Denita Harris, Ph.D., is the assistant superintendent for diversity, equity, and inclusion for the Wayne Township metro school district in Indianapolis:

Teaching is a marathon; practice breathing.

Erica Silva, Ed.D., leads professional development with schools and districts across the country to advance educational equity:

Show compassion to yourself and others.

Malkia Williams is a district multilingual coach in the Aldine Independent school district in Texas:

Acknowledge first, respect second, connect always.

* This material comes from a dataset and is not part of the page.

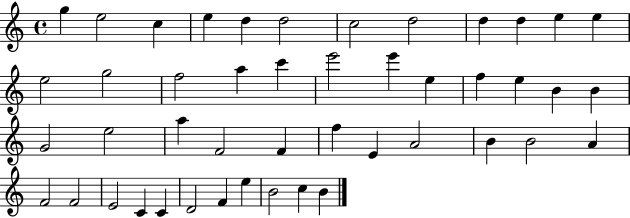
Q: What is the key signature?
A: C major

Jenny Vo is the Greater Houston-area English-learner director for the International Leadership of Texas Charter Schools:

No child is a blank slate.

Valerie King is the author of Make it Relevant: Strategies to Nurture, Develop and Inspire Young Learners:

Prioritize inquiry, minimize grading, maximize inspiration.

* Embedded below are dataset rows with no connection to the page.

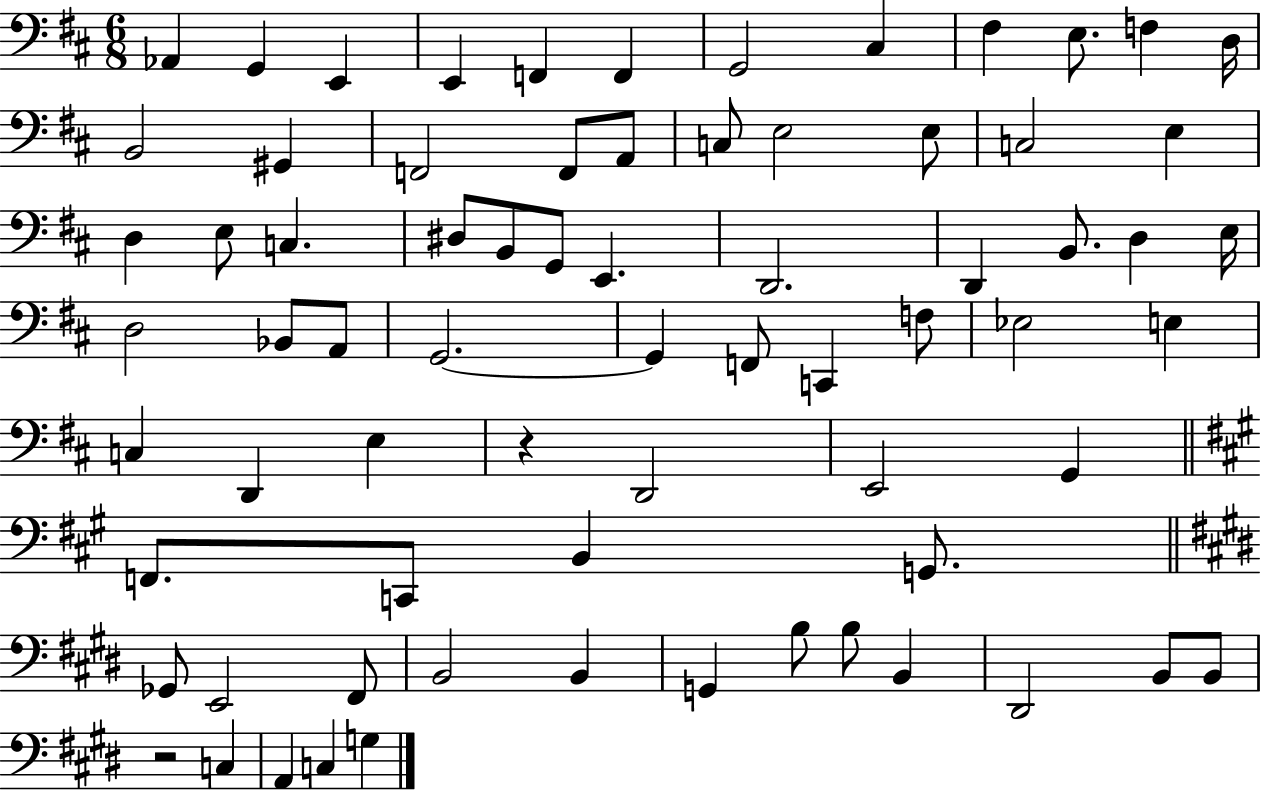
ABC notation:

X:1
T:Untitled
M:6/8
L:1/4
K:D
_A,, G,, E,, E,, F,, F,, G,,2 ^C, ^F, E,/2 F, D,/4 B,,2 ^G,, F,,2 F,,/2 A,,/2 C,/2 E,2 E,/2 C,2 E, D, E,/2 C, ^D,/2 B,,/2 G,,/2 E,, D,,2 D,, B,,/2 D, E,/4 D,2 _B,,/2 A,,/2 G,,2 G,, F,,/2 C,, F,/2 _E,2 E, C, D,, E, z D,,2 E,,2 G,, F,,/2 C,,/2 B,, G,,/2 _G,,/2 E,,2 ^F,,/2 B,,2 B,, G,, B,/2 B,/2 B,, ^D,,2 B,,/2 B,,/2 z2 C, A,, C, G,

Marina Rodriguez is a 6th grade dual-language arts teacher at a school in College Station, Texas:

Hold onto hope for each student.
Begin each day with clean slates.
Know them before you teach them.

Jason D. DeHart is a high school English teacher and has recently published the book Building Critical Literacy and Empathy with Graphic Novels with the National Council of Teachers of English:

Being great at teaching requires authenticity.

Sarah Nichols is a national-board-certified teacher and Utah Teacher Fellow in Salt Lake City:

Leave the work at work; rest.
Build relationships and even better boundaries.
Don’t speak until they are listening.

Kwame Sarfo-Mensah is a 17-year veteran educator and the founder and CEO of Identity Talk Consulting, LLC, an independent educational consulting firm:

Growth can’t happen without critical reflection.

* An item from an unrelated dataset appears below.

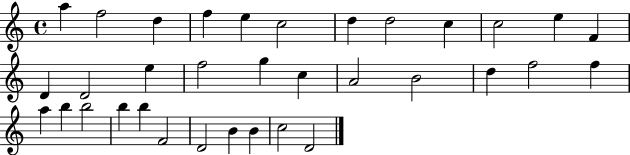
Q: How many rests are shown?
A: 0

Ryan Huels is an elementary school principal in Oregon, Ill.:

The Best PD is next door!

Mike Kaechele is a middle school teacher and project-based-learning/social-emotional-learning consultant:

Less of us, more of them.

Consider contributing a question to be answered in a future post. You can send one to me at lferlazzo@educationweek.org. When you send it in, let me know if I can use your real name if it’s selected or if you’d prefer remaining anonymous and have a pseudonym in mind.

You can also contact me on X at @Larryferlazzo or on Bluesky at @larryferlazzo.bsky.social .

Just a reminder; you can subscribe and receive updates from this blog via email. And if you missed any of the highlights from the first 13 years of this blog, you can see a categorized list here.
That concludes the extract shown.